In 1986, Klaas Spronk published a monograph titled, Beatific Afterlife in Ancient Israel and in the Ancient Near East. Although many have criticized Spronk’s central thesis, his study began a new era in biblical scholarship on death and the afterlife in ancient Israel. More specifically, it sparked renewed interest in the study of the relationship between the living and the dead. Just three years after Spronk’s work, Theodore J. Lewis published his own study, Cults of the Dead in Ancient Israel and Ugarit (1989). Lewis affirmed and developed evidence for one of the foundational aspects of Spronk’s book: in ancient Israel, the dead depended on the living for the proper performance of certain rituals which would maintain 1) the connection between the living members of a family and their deceased kin, and 2) the livelihood of the deceased in the afterlife. This ritual interaction between the living and the dead has been described variously as a “cult of the dead,” an “ancestor cult,” and a “cult of dead kin.” In this study, I will employ the last of these phrases, “the cult of dead kin,” to describe these rituals which the living offered to their deceased, as it is unquestionable that this cult was indeed centered around the family unit. In 1991, Elizabeth Bloch-Smith published a monograph, Judahite Burial Practices and Beliefs about the Dead, extensively cataloguing the archaeological data for burials in the Levant during the Iron Age (ca. 11th century BCE to 6th century BCE). These three studies, among many others, were able to change the longstanding scholarly opinion that no such cult could have existed in ancient Israel.

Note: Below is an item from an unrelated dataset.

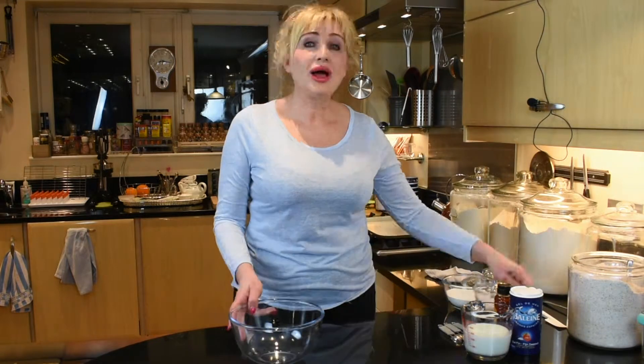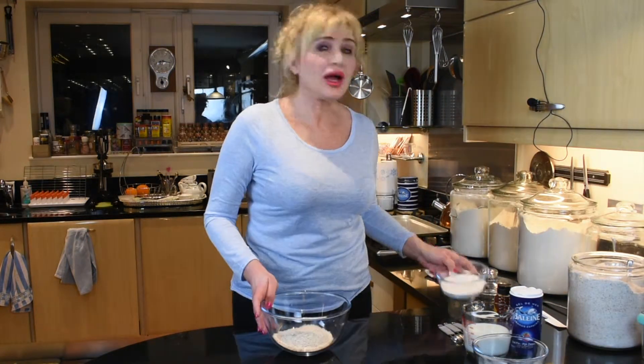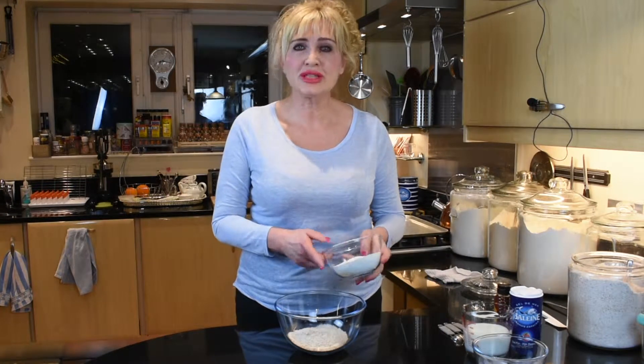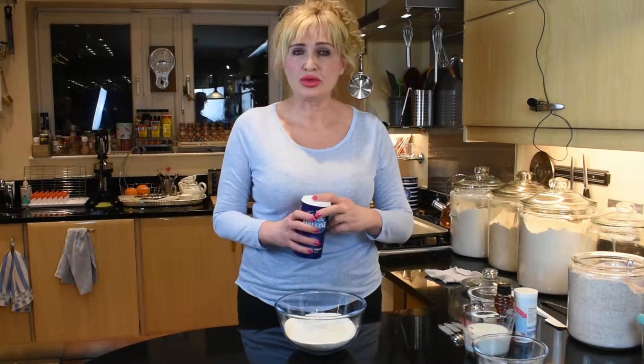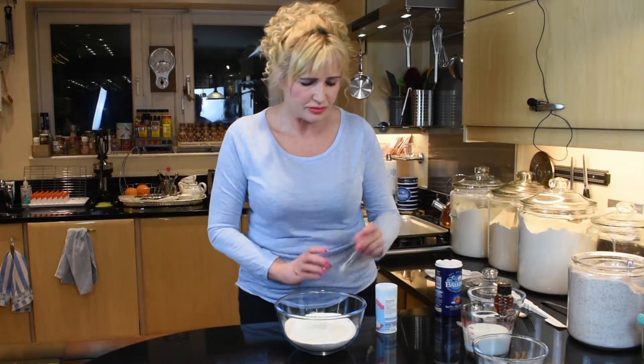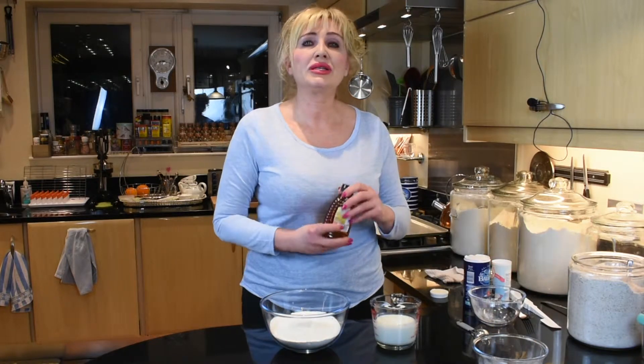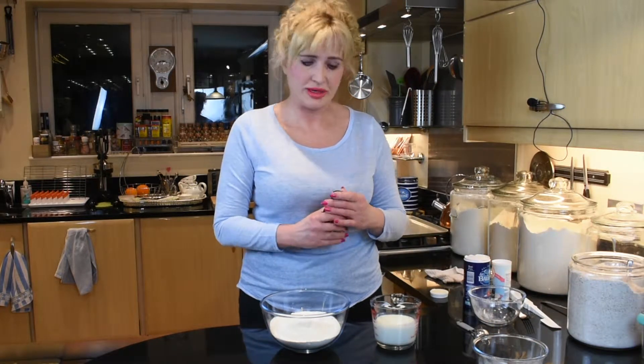To make the bread we'll need 175 grams of wholemeal flour, 175 grams of self-raising flour, 1 teaspoon of salt, half a teaspoon of baking soda, 300 ml of buttermilk, and 1 tablespoon of honey.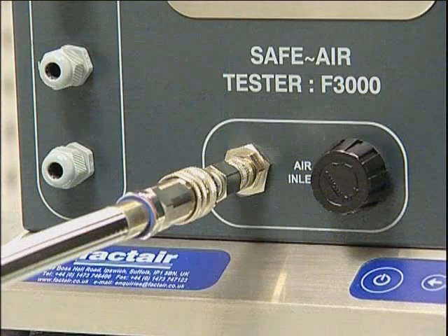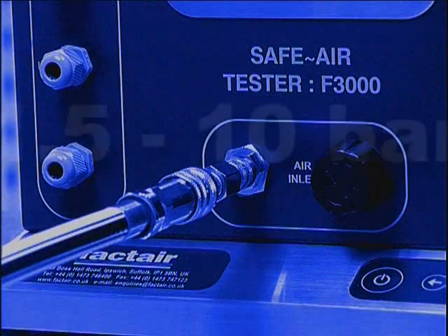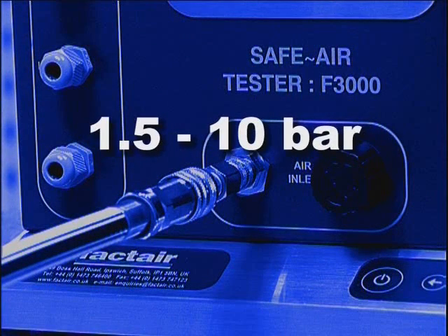Please note that a test can be carried out at any pressure between 1.5 and 10 bar. If the unit is over-pressurised it will automatically shut down and display an over pressure warning. It will then need to be returned to the manufacturer for checking and resetting.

What follows are three chapters investigating various aspects of this cult in ancient Israel. Chapter 1 is comparative and philological in nature. In it, I interpret the narrative of Judah and Tamar found in Gen 38 as primarily concerned with death. From Judah’s motivations to Tamar’s near immolation, it appears that each of these characters seeks to preserve his/her own postmortem existence. In Chapter 2, I take a more historical and sociological approach to investigate whether parity existed in the way men and women were treated after their death in ancient Israel. Here, I analyze several biblical texts, including Gen 23; 35; and 2 Kgs 9, along with comparative material from Ugarit and the Levant. Finally, in Chapter 3, I have conducted a lexical study of the root פקד. As stated above, in Mesopotamia, the pāqidu was the caretaker in the cult of dead kin. I posit in this last section of the study that Isa 26:14; 38:10 and Jer 15:15 preserve this custodial meaning in the Hebrew Bible.

While each of these chapters investigates a separate question underlying the cult of dead kin in ancient Israel, their total effect amounts to a strong development in the evidential basis of the cult of dead kin in the Hebrew Bible. In other words, I intend for each of the following chapters to offer further clarity and support for the ways biblical authors used ideologies of death and the afterlife to inform their writing. I believe that these references to the cult are not hidden or cryptic. Rather, it seems that the biblical authors were able to assume knowledge of this cult, so that their writings did not reflect in-depth discussions on this common aspect of life, instead making subtle use of the imagery and ideologies of this cult.